Paharia Express was said to be late for 1 Hours. In the balance time, Raktim narrates his whole story to Neelasha who now understands his situation. At the railway station Raktim and Neelasha save two eloped lovers from the henchmen of the girl's father. They escape from the railway station and with the help of a Thrill seeking Cab owner Pupu, Raktim conducts the lovers' marriage and gives away the Sindoor which he has to give to his brother. Anando is furious after listening this but after that Sundeep shows yet another Sindoor and continues the story. After the happy ending of the lovers' marriage, Raktim and Neelasha are worried about the future consequences and are just 15 km away from New jalpaiguri. But Dulal informs them that Paharia Express is scheduled to arrive in nearly 10 minutes. Now they find that Ram Prasad is a lorry driver who gave them lift to reach the station. Ram prasad is a bachelor who dreamed to get married and he gives away the Sindoor he takes while leaving the house. Raktim reaches on time and boards the train just before it stops in New Jalpaiguri Railway Station. He acts as if though he was sleeping and the rest happened. Now the marriage of Ananda is being conducted and Neelasha, Ram prasad attend the marriage. The bride's father Dhananjay Babu is in worry as the bride eloped with her lover and his men are searching for her. To the shock of Raktim, the bride is none other than the girl whose marriage was conducted by him and Neelasha at Kishangunj. Now Shibo Prasad learns that the girl eloped with her lover and the marriage is halted.

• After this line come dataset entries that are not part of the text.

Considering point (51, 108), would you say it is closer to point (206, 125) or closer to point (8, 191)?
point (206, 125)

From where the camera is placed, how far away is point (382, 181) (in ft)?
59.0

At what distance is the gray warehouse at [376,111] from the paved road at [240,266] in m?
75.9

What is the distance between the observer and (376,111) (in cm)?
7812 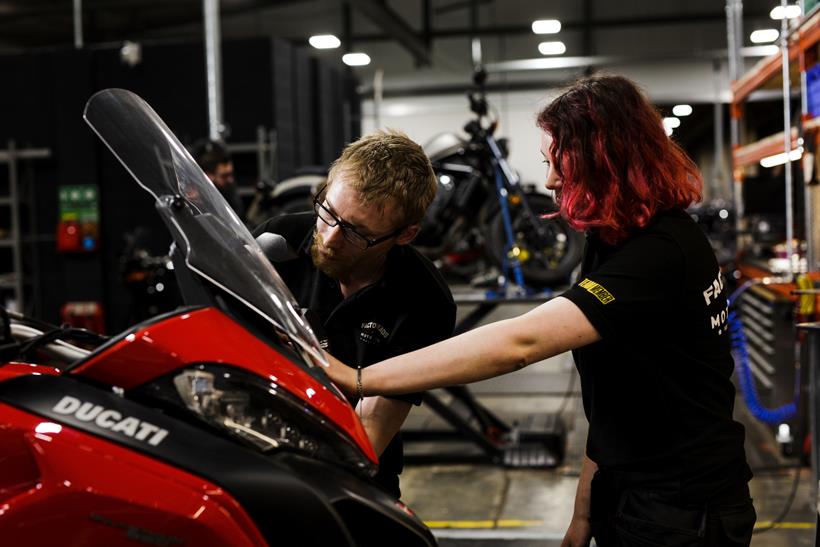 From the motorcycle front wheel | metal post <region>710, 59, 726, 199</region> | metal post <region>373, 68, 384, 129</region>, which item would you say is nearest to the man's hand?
the motorcycle front wheel

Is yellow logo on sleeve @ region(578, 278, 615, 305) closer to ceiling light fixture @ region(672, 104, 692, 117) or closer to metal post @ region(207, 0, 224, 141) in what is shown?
metal post @ region(207, 0, 224, 141)

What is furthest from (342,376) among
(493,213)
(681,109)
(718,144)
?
(681,109)

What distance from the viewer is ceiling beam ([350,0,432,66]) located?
14188 millimetres

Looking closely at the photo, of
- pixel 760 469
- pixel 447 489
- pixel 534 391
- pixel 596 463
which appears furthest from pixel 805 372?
pixel 596 463

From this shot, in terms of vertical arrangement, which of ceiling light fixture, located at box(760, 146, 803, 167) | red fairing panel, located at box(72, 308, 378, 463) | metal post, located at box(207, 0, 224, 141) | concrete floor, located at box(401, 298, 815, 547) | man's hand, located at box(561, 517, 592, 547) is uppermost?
metal post, located at box(207, 0, 224, 141)

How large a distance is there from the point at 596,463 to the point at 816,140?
141 inches

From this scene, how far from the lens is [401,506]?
1396 mm

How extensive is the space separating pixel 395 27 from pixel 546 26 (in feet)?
11.4

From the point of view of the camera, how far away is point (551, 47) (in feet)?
57.6

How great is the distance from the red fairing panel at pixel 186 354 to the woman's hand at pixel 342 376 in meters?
0.23

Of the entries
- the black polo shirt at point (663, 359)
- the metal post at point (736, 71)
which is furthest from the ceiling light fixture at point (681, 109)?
the black polo shirt at point (663, 359)

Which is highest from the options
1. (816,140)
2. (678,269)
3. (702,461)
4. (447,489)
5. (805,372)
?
(816,140)

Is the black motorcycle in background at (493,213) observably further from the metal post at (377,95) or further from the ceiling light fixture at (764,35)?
the ceiling light fixture at (764,35)

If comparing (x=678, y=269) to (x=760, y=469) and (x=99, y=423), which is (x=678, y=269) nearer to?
(x=99, y=423) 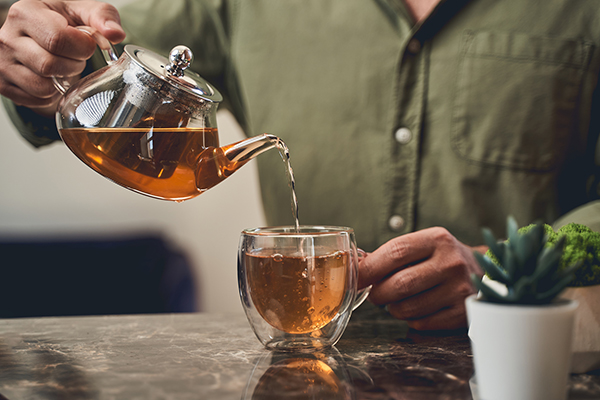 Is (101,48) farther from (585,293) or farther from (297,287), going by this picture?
(585,293)

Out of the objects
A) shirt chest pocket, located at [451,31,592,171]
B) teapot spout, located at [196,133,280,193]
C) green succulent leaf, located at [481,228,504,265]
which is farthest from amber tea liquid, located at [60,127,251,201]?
shirt chest pocket, located at [451,31,592,171]

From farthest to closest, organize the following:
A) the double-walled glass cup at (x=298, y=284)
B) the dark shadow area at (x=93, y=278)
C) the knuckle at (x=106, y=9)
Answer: the dark shadow area at (x=93, y=278) < the knuckle at (x=106, y=9) < the double-walled glass cup at (x=298, y=284)

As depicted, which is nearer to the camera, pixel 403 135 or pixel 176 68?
pixel 176 68

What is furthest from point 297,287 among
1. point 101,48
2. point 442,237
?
point 101,48

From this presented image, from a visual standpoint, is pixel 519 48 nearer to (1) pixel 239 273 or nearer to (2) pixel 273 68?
(2) pixel 273 68

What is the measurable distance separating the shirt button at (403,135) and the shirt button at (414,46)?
182mm

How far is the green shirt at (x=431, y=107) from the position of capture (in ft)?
3.99

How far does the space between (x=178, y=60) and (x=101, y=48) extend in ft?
0.62

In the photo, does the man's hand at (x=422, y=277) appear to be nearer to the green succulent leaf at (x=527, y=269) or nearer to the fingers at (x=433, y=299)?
the fingers at (x=433, y=299)

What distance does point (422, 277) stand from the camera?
0.79 meters

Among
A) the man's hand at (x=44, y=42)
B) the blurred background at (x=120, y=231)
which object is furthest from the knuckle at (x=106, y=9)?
the blurred background at (x=120, y=231)

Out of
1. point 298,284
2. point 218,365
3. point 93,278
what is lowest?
point 93,278

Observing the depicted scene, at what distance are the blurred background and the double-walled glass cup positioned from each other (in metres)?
1.68

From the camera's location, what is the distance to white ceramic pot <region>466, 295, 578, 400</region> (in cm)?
48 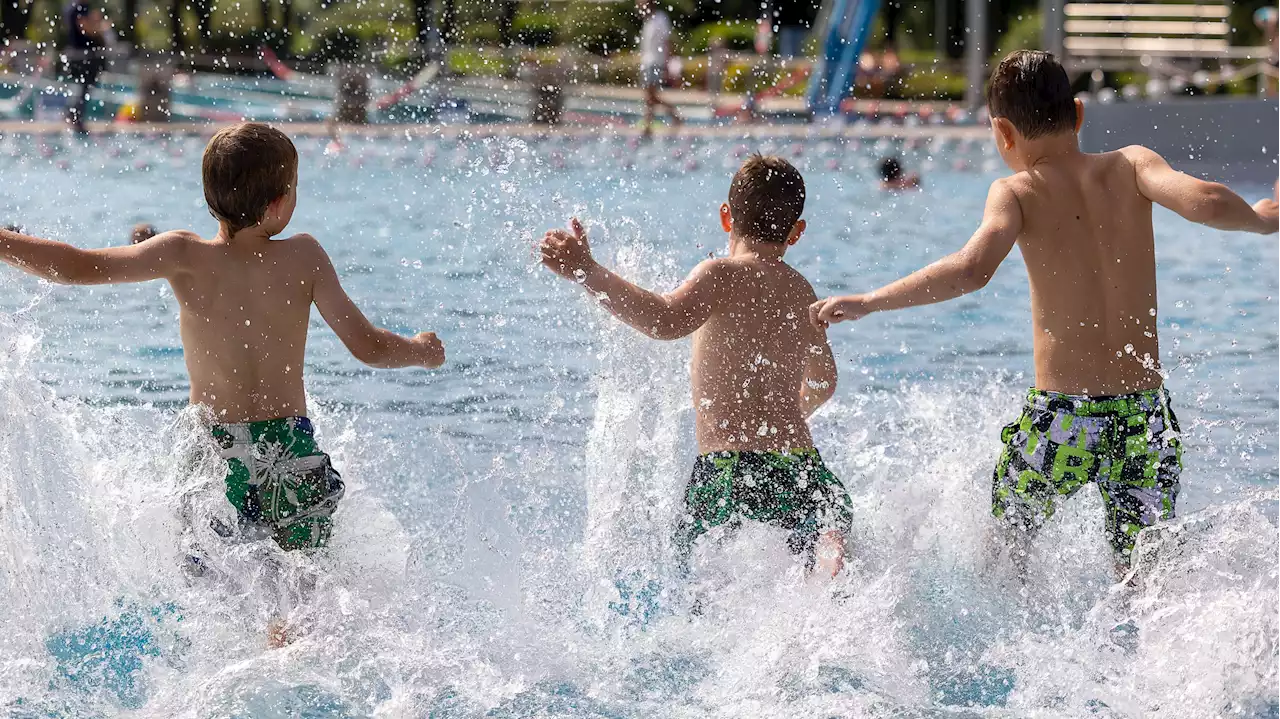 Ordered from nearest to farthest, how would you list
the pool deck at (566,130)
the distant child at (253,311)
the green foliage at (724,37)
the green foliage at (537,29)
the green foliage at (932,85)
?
1. the distant child at (253,311)
2. the pool deck at (566,130)
3. the green foliage at (932,85)
4. the green foliage at (724,37)
5. the green foliage at (537,29)

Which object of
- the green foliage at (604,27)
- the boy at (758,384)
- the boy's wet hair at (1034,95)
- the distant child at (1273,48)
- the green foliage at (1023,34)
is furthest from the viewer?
the green foliage at (1023,34)

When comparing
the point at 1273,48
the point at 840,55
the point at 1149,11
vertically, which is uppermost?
the point at 1149,11

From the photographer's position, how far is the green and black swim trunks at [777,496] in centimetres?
358

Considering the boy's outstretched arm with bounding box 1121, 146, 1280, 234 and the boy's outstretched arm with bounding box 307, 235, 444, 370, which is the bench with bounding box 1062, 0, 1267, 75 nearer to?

Aparna learns that the girl's marriage was conducted by Raktim and gets a severe Asthma attack. She is joined at the Private Hospital. When Aparna was taken to the Hospital, the bride's father learns about Raktim's act by his henchmen and is furious. In the chase, Ananda learns of this and Keshto who reached New Jalpaiguri in Paharia Express is following the chase. During the chase, Shibo Prasad lets Raktim escape red traffic signals and a traffic constable is hurt by them. After she admitted into the Hospital, Raktim fights with the bride's father's henchmen and Shibo Prasad doesn't stop him from doing so. Later Shibo Prasad discovers the truth and Raktim's mistakes turn 100. Raktim then reminds that Shibo Prasad broke his discipline and ideals during the chase and the fight and he can't leave the family because what he did was just helping the ones in need. The bride's father accept the Lover's marriage. Shibo Prasad increases the Mistakes level from 100 to 1000 letting Raktim and Ram Prasad re enter the house. Aparna is discharged immediately.

==Soundtrack==

| No. | Title | Lyrics | Singer(s) | Length |
|---|---|---|---|---|
| 1. | "Mon Boleche Amar" | Prasen (Prasenjit Mukherjee) | Jeet Gannguli, Bob Omulo | 04:16 |
| 2. | "Majhe Majhe" | Prasen (Prasenjit Mukherjee) | Kumar Sanu, Shreya Ghoshal | 04:46 |
| 3. | "Dhitang Dhitang" | Priyo Chattopadhyay | Armaan Malik | 03:34 |

== Reception ==
A critic from The Times of India rated the film three-and-a-half out of five stars and wrote that "Overall, Love Express is a film you can surely watch with your family or friends. It’s a clean, well-made entertainer through and through".